VicTeach events 2015
First Year Experience workshop
Transitioning from School to University
In a couple of weeks there will be a new group of students in our lectures, fresh from high school. For some the transition to university study will be easy, for many it will be a struggle but they will cope, and there are some for whom it is just too tough. This session will give us some insight into the issues facing first-year students today. The programme includes:
- A look at some of the international research on the ‘First Year Experience’ and its relevance for us at Victoria University of Wellington.
- A consideration of aspects of the social and personal development of students transitioning from High School and the implications for academic engagement, motivation and success.
- A review of the research into how NCEA impacts on student learning in the first year of University study.
- Cameos of what is happening across the University to help address some issues identifies as being a problem in the first year of study.
- A time for reflection and discussion about how our courses could be shaped to better meet the needs of students in transition.
- Introductory slides.
- Allison Kirkman: Why is the First Year Experience so important?
- Jan Stewart: The First Year Experience—some general principles.
- Rachel Reidel: Emergent adulthood and implications for higher education. Personal traits that promote academic engagement and success, how to promote personal traits in teaching practice.
- Azra Moed: The impact of NCEA and the implications for student learning in first year.
- Chris Eichbaum, Deborah Laurs, and others: Some examples of what is happening across the University.
- Bronwen Wood: Differences between NCEA and University.
- Feedback from the from the group discussions.
VicTeach Annual Navalgaze
Looking in the Mirror: what is our academic culture and how does this support our students (or not?)
Reflecting a similar initiative in Britain in 1999, the New Zealand government aims to grow the annual value of international students to our country by $5 billion over the next ten years. Victoria University of Wellington Vice Chancellor’s recently announced strategy is aligned with this intention. Building on Raewyn Connell’s southern theory, and other recent research, this workshop looks at the pedagogic and practical implications for Victoria University of Wellington. The implications of the proposed policy directions on teaching (and students’ learning), and mechanisms to respond to these will be explored through group discussions and synthesised in a closing plenary session.
We encourage staff from a range of academic and support services to join us and contribute to the discussion on how to make provision for the needs of international, local, Māori and Pasifika students.
Cultivating and Assessing Creativity
According to the Victoria University of Wellington graduate profile, all of our graduates are expected to be prepared with well-developed skills in creative thinking. Likewise, one of the new themes in the University’s Strategic Plan entails 'Cultivating creative capital'. But what is creativity, and what values are inherent in honing it as a skill? If we teach students creative thinking skills, then how do we ensure that these skills are effectively assessed? This VicTeach session invites the exploration of the topic of creativity with particular focus on its cultivation and assessment. Chaired by two seasoned design educators, Tonya Sweet (School of Design) and Kevin Sweet (School of Architecture), this session will introduce strategies for the fostering of creative thinking skills and methods for the evaluation of creative outcomes. Participants should expect to engage in a bit of creative problem solving during this VicTeach session!
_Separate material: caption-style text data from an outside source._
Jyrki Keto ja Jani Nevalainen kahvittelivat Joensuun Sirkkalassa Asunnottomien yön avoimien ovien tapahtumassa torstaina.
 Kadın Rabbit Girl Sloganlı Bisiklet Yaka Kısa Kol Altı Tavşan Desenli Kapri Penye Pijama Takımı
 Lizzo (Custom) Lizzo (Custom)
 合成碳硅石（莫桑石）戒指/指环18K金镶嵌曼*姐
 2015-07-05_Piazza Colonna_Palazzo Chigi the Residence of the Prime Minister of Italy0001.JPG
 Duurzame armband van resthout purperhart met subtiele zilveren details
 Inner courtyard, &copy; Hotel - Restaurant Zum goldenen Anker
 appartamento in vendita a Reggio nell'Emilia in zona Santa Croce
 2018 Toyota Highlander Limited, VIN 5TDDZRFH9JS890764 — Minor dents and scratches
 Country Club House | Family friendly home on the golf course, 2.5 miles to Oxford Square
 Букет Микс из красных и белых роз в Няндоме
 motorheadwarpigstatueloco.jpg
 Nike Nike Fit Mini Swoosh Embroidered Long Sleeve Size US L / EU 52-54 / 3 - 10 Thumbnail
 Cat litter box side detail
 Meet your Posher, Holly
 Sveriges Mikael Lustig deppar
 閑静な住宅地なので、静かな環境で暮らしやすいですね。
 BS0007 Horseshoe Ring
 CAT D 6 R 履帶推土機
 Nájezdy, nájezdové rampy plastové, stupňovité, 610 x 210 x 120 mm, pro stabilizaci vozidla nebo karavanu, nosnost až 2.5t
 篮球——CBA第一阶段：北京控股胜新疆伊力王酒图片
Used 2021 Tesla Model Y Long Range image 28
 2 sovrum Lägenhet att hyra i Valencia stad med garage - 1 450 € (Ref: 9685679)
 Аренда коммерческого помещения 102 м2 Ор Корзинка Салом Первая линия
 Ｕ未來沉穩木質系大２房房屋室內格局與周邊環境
Transition to University II
A follow up session on Transition to University from 11 February.
Many thanks for your contribution to our productive Vic Teach session on First Year Experience (FYE)—to share first-trimester experiences and seek constructive strategies and tactics to improve the FYE. There was lively discussion and a shared understanding of the issues and possible solutions.
For those of you who were not at the original FYE session held at the beginning of this year (11 February) refer to the summary files and notes for that session—you may find this interesting and informative.
7 x 7 format on new technologies for learning and teaching
Learning Space Evolution at Victoria
Questions for discussion
You can provide responses via GoSoapBox before during and after the session. Event access code: 129-016-917.
- What are the strengths of the current Victoria University of Wellington learning environments that support your discipline and/or model of learning and teaching?
- How could those strengths be sustained in a way that responds to the factors identified in the discussion paper? Are there additional pressures or factors that should also be responded to?
- How could the learning and teaching infrastructure at Victoria University of Wellington be changed to significantly improve the educational outcomes for students and staff?
- How could the University better support staff and students using the educational facilities?
- What types of learning spaces should the University be planning to provide in its redevelopment of the Kirk building complex?
- How can the University use new learning spaces to effectively support cross-disciplinary learning and teaching?
- In what ways would a large lecture theatre (approximately 500 seats) strengthen the University, providing options for a range of future activities, including those that enhance research as well as education? How would it complement other spaces and benefit from ongoing technological and pedagogical developments?
- What impact do you see arising from blended models of delivery at Victoria University of Wellington on your discipline and/or model of learning and teaching?
- Learning Spaces Discussion document
- Questions for Reflection and discussion
- Kelburn Learning Spaces map
- Learning Spaces session slides
- Jenny Bentley's presentation
Perspectives on working with postgraduate students
This was the first session of what may become a VicTeach strand focusing on the postgraduate experience.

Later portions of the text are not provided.